_ASSIGNMENT:_ Once the pictures are set aside, transcribe the remaining data exactly.

_SUPPLIED DATA:_
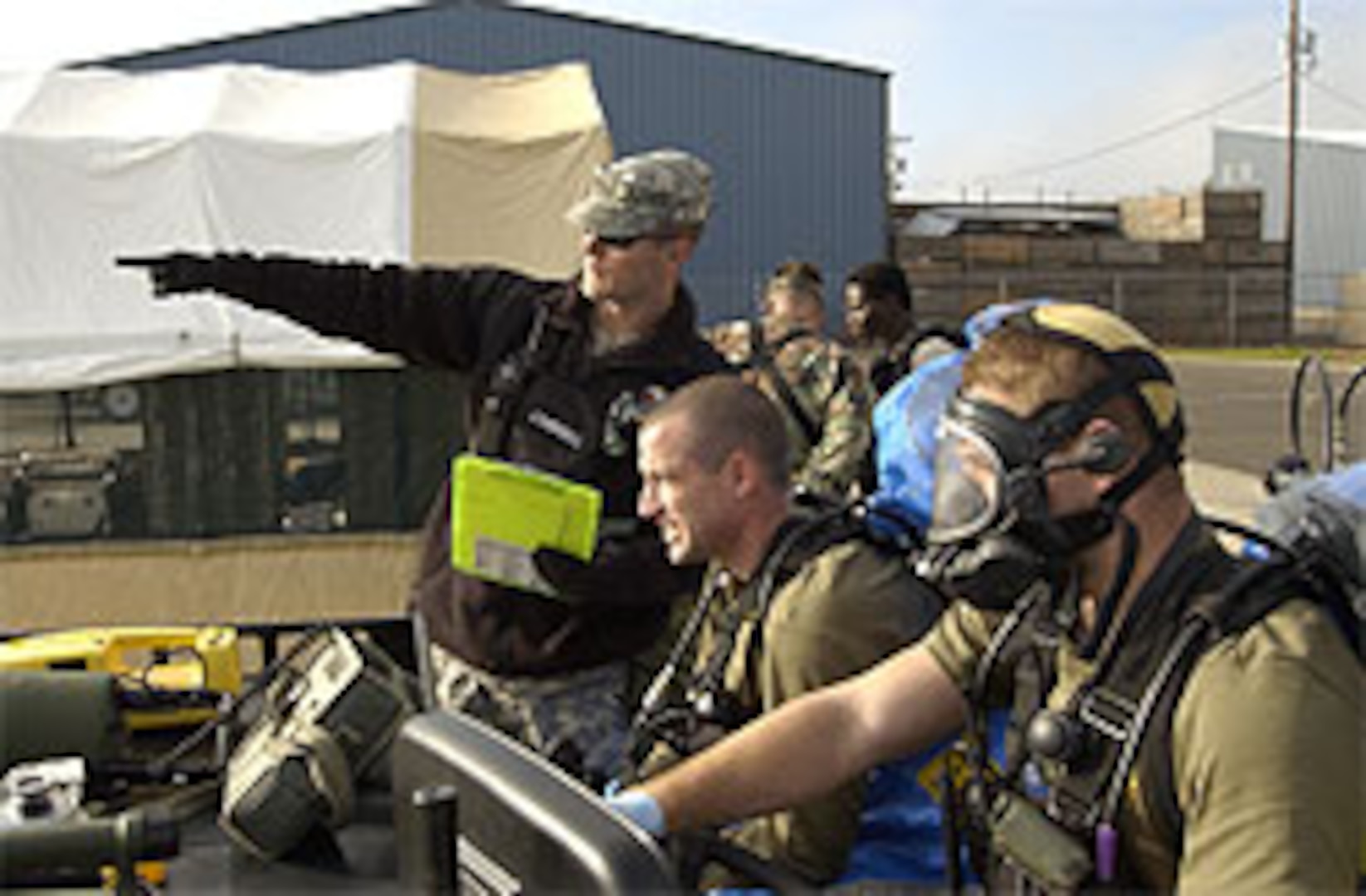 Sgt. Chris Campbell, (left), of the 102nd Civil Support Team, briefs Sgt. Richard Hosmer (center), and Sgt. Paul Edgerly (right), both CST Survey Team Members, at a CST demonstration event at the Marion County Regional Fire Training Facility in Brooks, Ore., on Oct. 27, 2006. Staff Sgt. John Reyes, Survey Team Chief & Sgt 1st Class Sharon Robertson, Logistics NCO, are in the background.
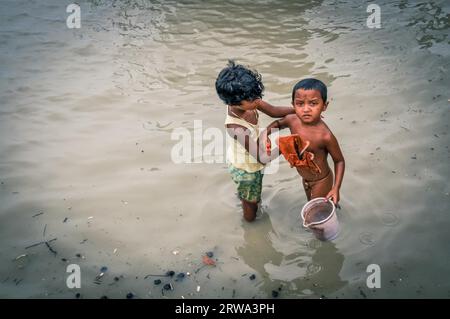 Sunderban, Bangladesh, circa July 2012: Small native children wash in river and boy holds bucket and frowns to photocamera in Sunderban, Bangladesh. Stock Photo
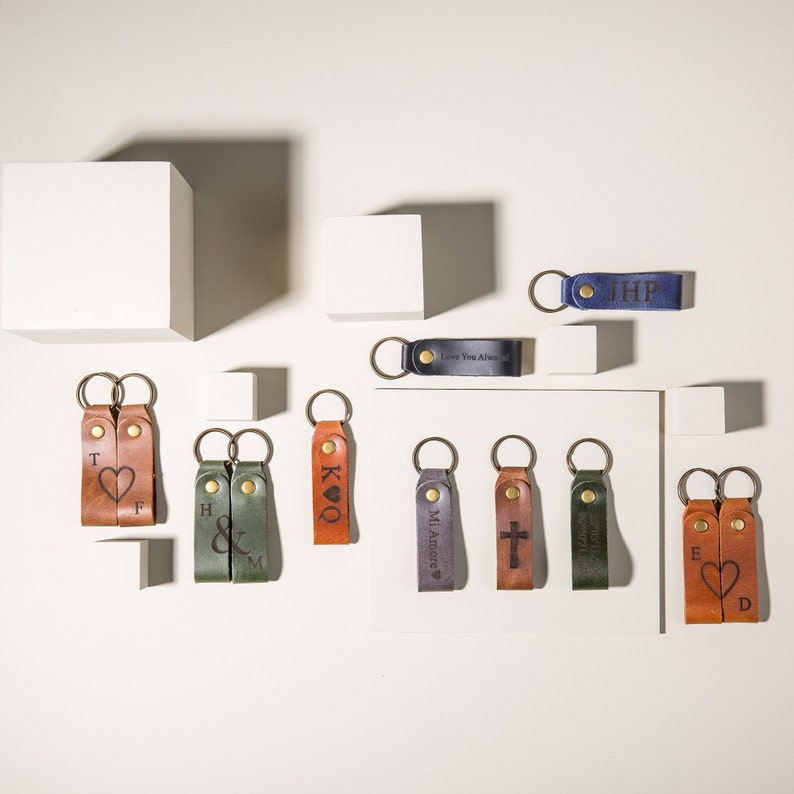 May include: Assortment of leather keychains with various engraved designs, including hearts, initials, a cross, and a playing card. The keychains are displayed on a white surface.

_EXERCISE ANSWER:_
 Sgt. Chris Campbell, (left), of the 102nd Civil Support Team, briefs Sgt. Richard Hosmer (center), and Sgt. Paul Edgerly (right), both CST Survey Team Members, at a CST demonstration event at the Marion County Regional Fire Training Facility in Brooks, Ore., on Oct. 27, 2006. Staff Sgt. John Reyes, Survey Team Chief & Sgt 1st Class Sharon Robertson, Logistics NCO, are in the background.
 Sunderban, Bangladesh, circa July 2012: Small native children wash in river and boy holds bucket and frowns to photocamera in Sunderban, Bangladesh. Stock Photo
 May include: Assortment of leather keychains with various engraved designs, including hearts, initials, a cross, and a playing card. The keychains are displayed on a white surface.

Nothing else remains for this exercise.